## Not all trading system drawdowns are created equal: Extracting all potential worst cases from Monte Carlo simulations

One of the most robust ways of evaluating if a strategy is still behaving according to its historical distribution of returns is to perform Monte Carlo simulations that allow you to find out the trading scenarios where your strategy is behaving in a manner which is outside of its predicted statistical behaviour. In a Monte Carlo simulation you run thousands of trading scenarios that align with the same distribution of returns obtained from long term back-tests and from these trading scenarios you can analyse the worst result; deriving a worst-case scenario that allows you to stop your strategy within a specific confidence interval. For example I may find from a 100K iteration Monte Carlo simulation – using the 15 year back-testing results of my strategy – that the probability of my system going through a 20% drawdown within the next 10 years is 1 in 100K if the system statistics remain intact. This means that if I reach a 20% drawdown within the next 10 years I can discard the strategy with a 99.999% confidence level that it’s statistical characteristics are now different.

However this use of the Monte Carlo simulation is very simple and it is limited in the sense that you are only stopping strategies along one of the many possible worst case scenarios. But what do I mean by “many” worst case scenarios? Well, the scenario I described above talks about a convergent Monte Carlo simulation, where we are looking at the absolutely worst case that can arrive as the number of trades becomes large. This means that no matter how many additional trades we have, the probability of facing a deeper drawdown if the statistics of the system remain constant is close to zero. This is because the simulation already goes beyond the point of guaranteed profitability, a trade number beyond which the system with a positive expectancy will always generate a positive return with a confidence beyond 99.999%. Generating a deeper drawdown than that predicted by a 100K iteration worst case beyond this number of trades becomes extremely hard as this is actually the limit of the trading strategy.

What are the other worst cases ? The above scenario allows traders to make a very broad assumption, which is that all drawdowns are created equal. If a trader commits to the convergent Monte Carlo simulation worst case, they are effectively saying that they will wait for this worst case before stopping the strategy, an absolute proof that the strategy’s long term edge has failed. But can we find proof that the system has failed before we reach the convergent worst case ? The answer is yes and this is something that will allow you to stop a strategy way before it has to reach the much deeper level predicted within the convergent case. The trick here is that we must understand that not all drawdowns are created equal and a smaller drawdown period can constitute a worst case provided that it happens within certain conditions. This means that if your convergent worst case is a 30% drawdown, you might be able to say with a 99.999% that your system has failed at a 15% drawdown, provided that this drawdown happens within some predefined conditions.

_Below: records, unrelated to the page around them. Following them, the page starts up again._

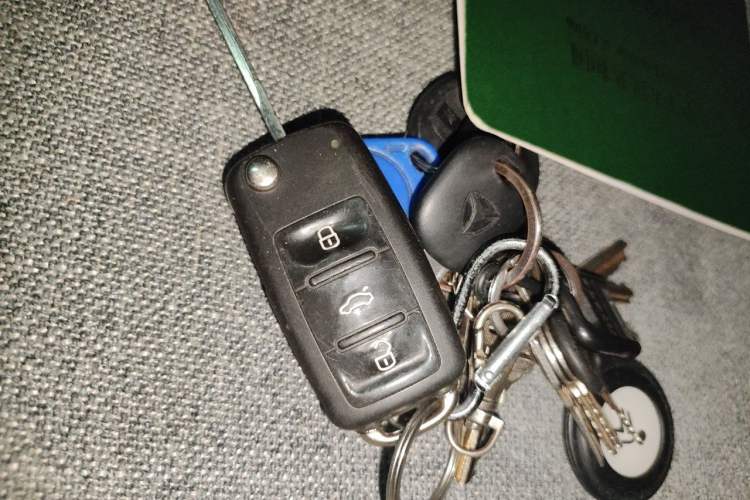Used Volkswagen Tiguan 2012 2.0 TSI Automatic All-Wheel Drive Flagship Edition Vehicle Key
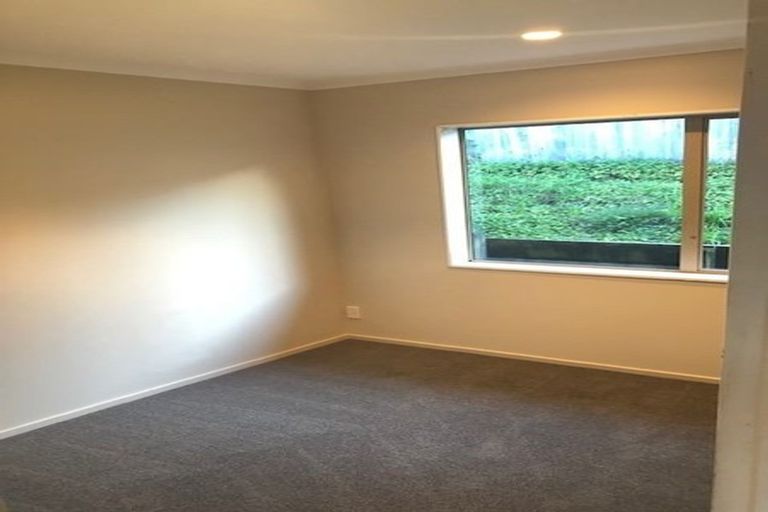 Photo of property in 16 Exotic Place, Massey, Auckland, 0614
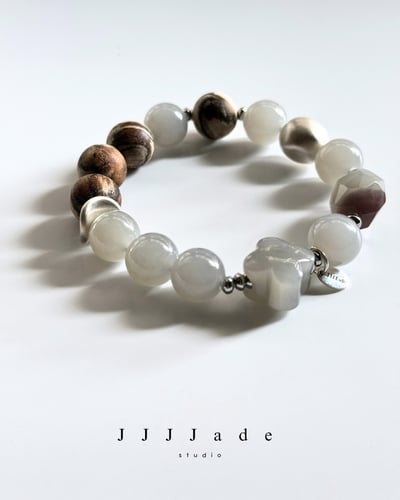 T335 赫若  |  和田玉煙紫手串1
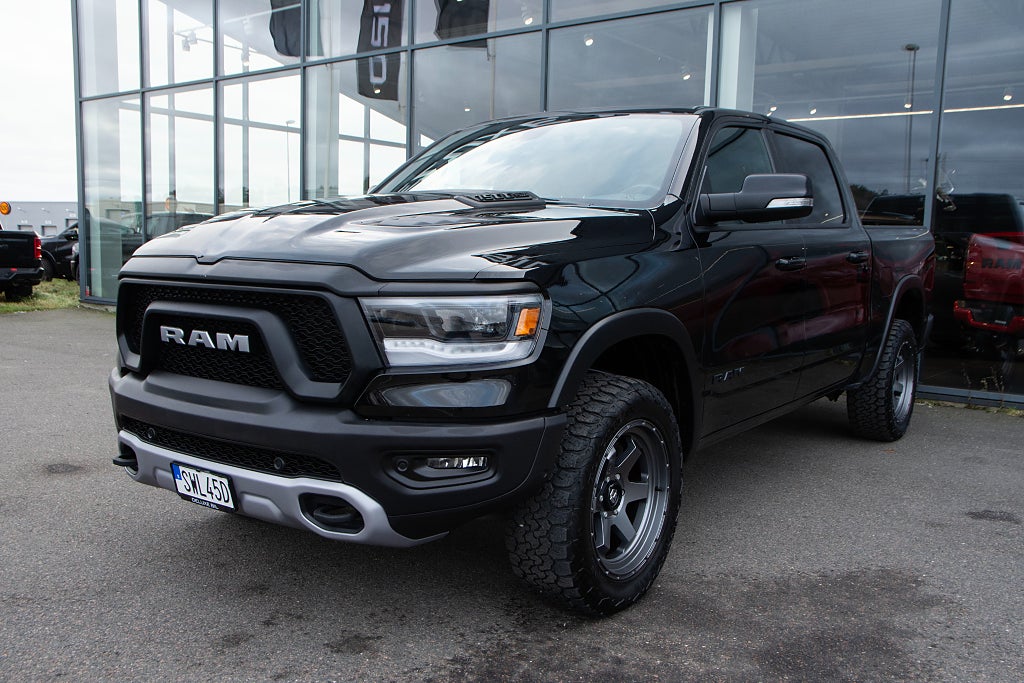 Dodge RAM 1500 Crew Cab 5.7 V8 HEMI 4x4 Rebel Luftfjädring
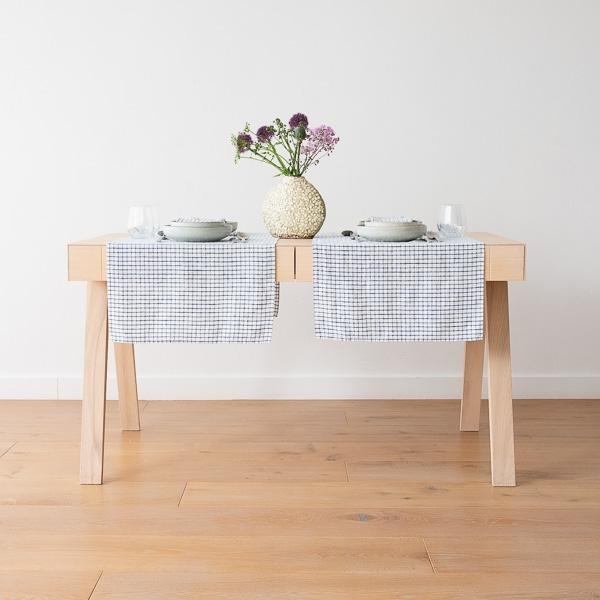 Linenme Linen Runner Graphic Check Off White Blue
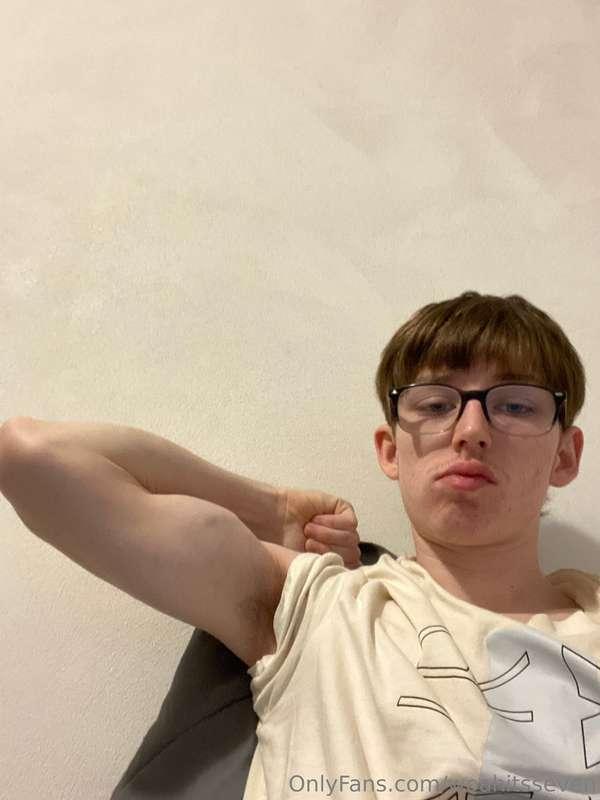 woahitsseven image #6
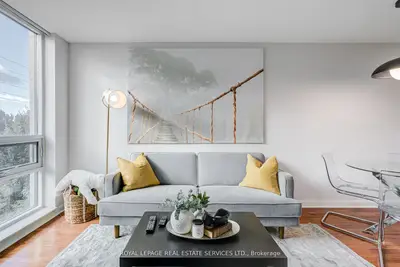 Condo Apartment in Toronto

How is this so? They key is in the number of trades that it takes you to reach a certain drawdown level. When you carry out a Monte Carlo simulation across a variety of trade numbers that are smaller than the convergent case, you can find out the level of confidence with which you can discard a system after only a few dozen trades. The above image shows you an example of a system where I have carried out simulations across a wide variety of trade numbers and you can see that the Monte Carlo worst cases are different for each case. It is also important to look at the number of iterations below the target drawdown figure that you want to use for discarding (above it’s been calculated 8%) as this will tell you how confident you can be about discarding your strategy. This is extremely important because a 2 trade MC simulation would tell you that the worst case across 100K simulations is 2 consecutive loses but this doesn’t mean that the system should be discarded because the probability to achieve this result across the 100K iterations is probably around 50% (meaning that this is just a highly probable behaviour across this trade number).

The analysis for the sample strategy showed above allows me to make predictions for the 20 trade case that show me when the strategy can be discarded. For example if I reach a drawdown of 8% after 20 trades I know that I can discard the strategy with a confidence of 99.9% because the probability that my system would reach a 8% drawdown so quickly are close to zero (0.1%). However note that as the number of trades goes up the probability to reach a 9% drawdown also increases, meaning that if this drawdown is reached after 80 trades I can no longer make this decision because the probability that I am making a wrong call is much higher. In this case I wouldn’t want to wait till the convergent worst case (around 26-30%) if I can discard my strategy after an only 8% drawdown that happens under the right circumstances. If for my distribution of returns the probability to reach an 8% drawdown after 20 trades already allows me to discard a strategy with a 99.9% confidence, there is no reason to wait for the wider worst case.

In summary I want to show you that you can better manage your trading systems if you not only pay attention to drawdown depths but also to the amount of trades it takes to reach a certain drawdown level. If you run Monte Carlo simulations for different trade numbers you can come up with worst case scenarios that will allow you to discard strategies when they “nose dive” into drawdown levels that would be close to impossible if their long term distribution of returns was to be preserved. I also want to call some attention to the results of the same system with a game theory money management module (second image), which shows how advanced money management affect the strategies overall results. When using game theory we could discard with smaller worst case scenarios, especially in the short term (20-40 trades).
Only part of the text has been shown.